Pictures in the material below are to be left out, and only the lines from the line with "Mexen DXS 100" up to and including the line with "OVEN DOOR AND" are to be written out exactly.

■ Extracted information

+--

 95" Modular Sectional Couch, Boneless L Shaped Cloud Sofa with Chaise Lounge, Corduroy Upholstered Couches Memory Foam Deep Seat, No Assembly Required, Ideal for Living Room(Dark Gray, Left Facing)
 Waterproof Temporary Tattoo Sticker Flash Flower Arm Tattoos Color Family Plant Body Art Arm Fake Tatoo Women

+--

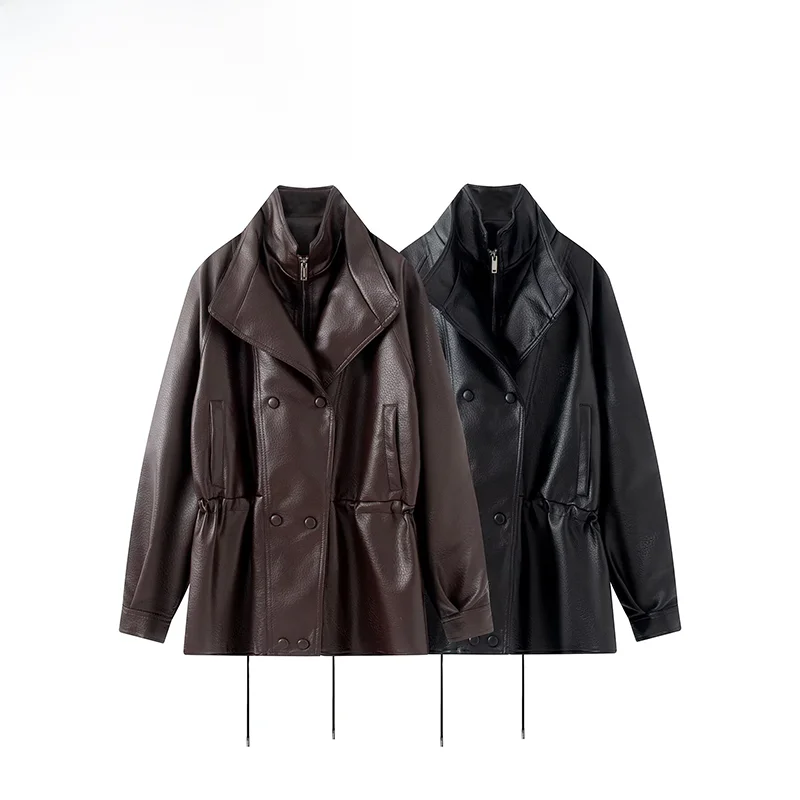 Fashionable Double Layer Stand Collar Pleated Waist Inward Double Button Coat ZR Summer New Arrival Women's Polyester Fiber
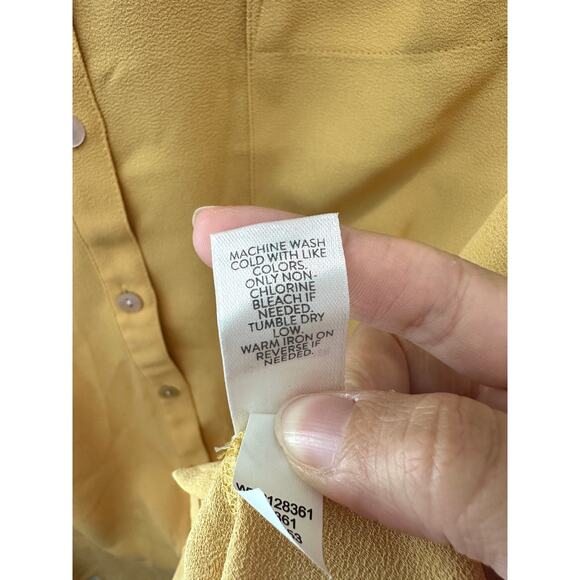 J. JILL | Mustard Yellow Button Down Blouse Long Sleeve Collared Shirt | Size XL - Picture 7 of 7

+--

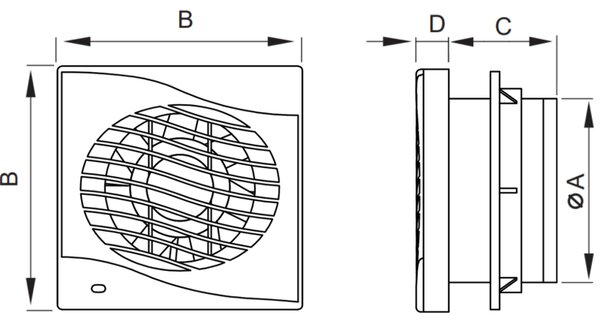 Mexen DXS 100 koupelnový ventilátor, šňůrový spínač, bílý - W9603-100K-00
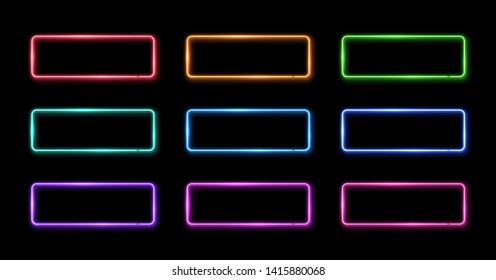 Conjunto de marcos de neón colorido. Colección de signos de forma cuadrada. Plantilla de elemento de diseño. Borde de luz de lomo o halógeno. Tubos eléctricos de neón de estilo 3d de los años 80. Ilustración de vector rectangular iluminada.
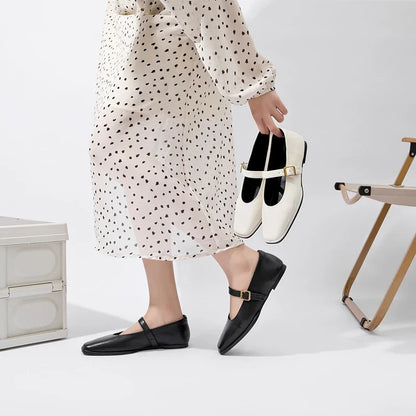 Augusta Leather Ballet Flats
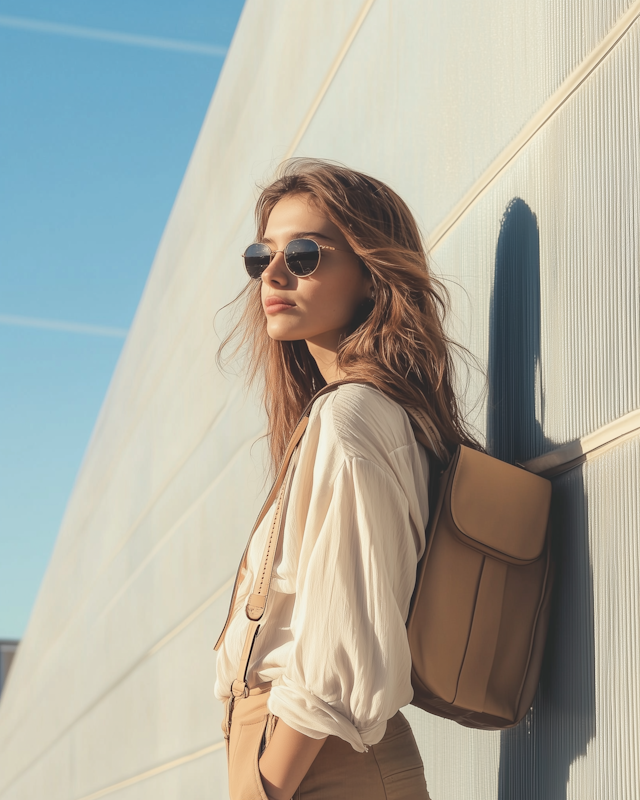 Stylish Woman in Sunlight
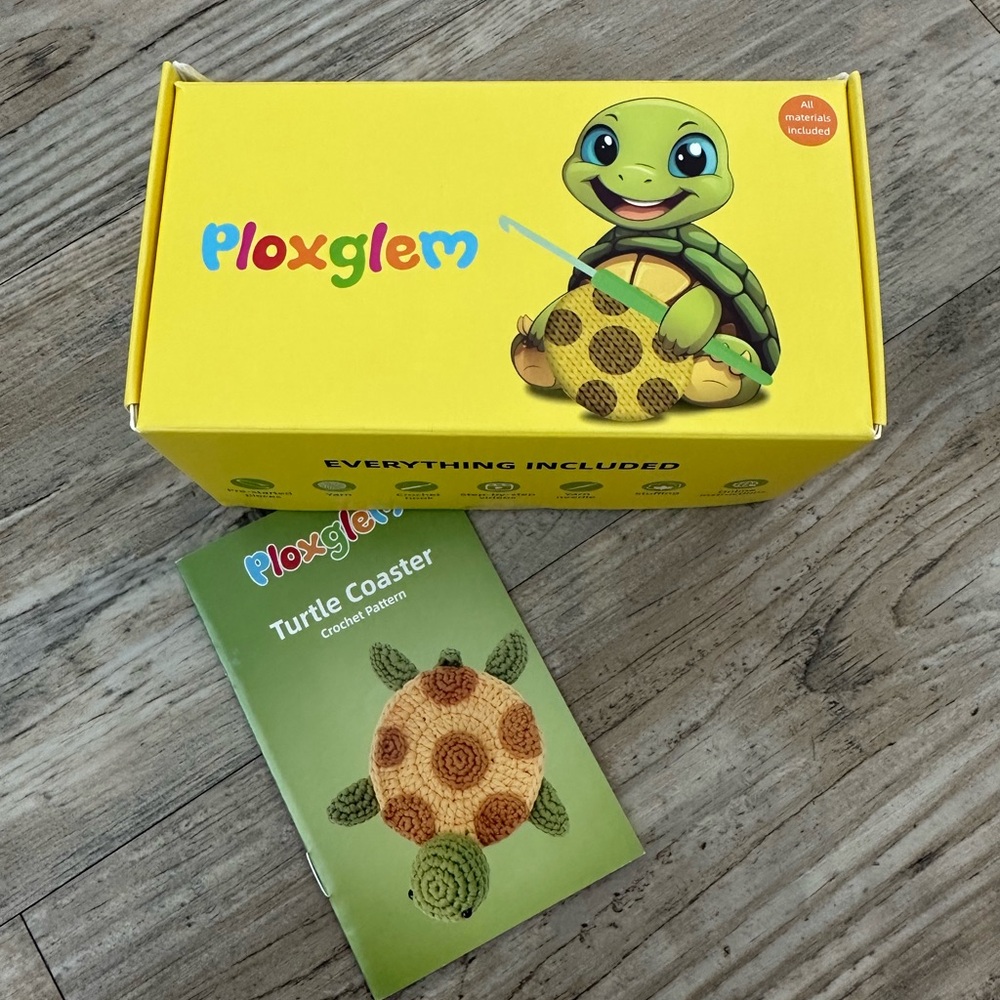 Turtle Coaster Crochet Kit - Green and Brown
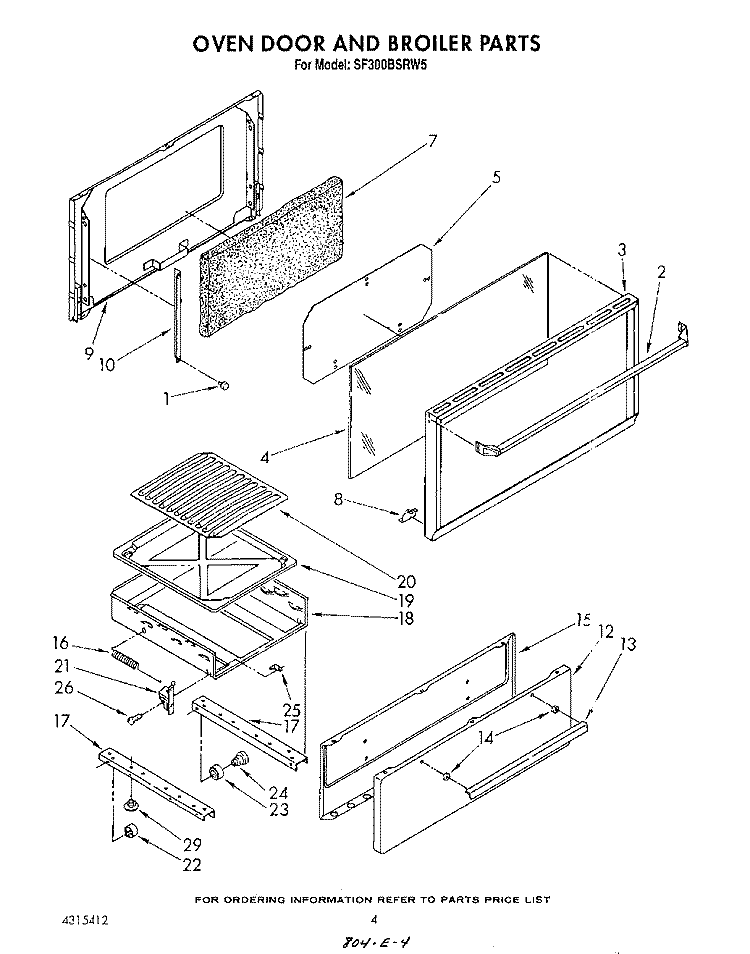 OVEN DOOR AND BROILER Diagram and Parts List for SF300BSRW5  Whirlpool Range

+--

■ Exercise answer
 Mexen DXS 100 koupelnový ventilátor, šňůrový spínač, bílý - W9603-100K-00
 Conjunto de marcos de neón colorido. Colección de signos de forma cuadrada. Plantilla de elemento de diseño. Borde de luz de lomo o halógeno. Tubos eléctricos de neón de estilo 3d de los años 80. Ilustración de vector rectangular iluminada.
 Augusta Leather Ballet Flats
 Stylish Woman in Sunlight
 Turtle Coaster Crochet Kit - Green and Brown
 OVEN DOOR AND BROILER Diagram and Parts List for SF300BSRW5  Whirlpool Range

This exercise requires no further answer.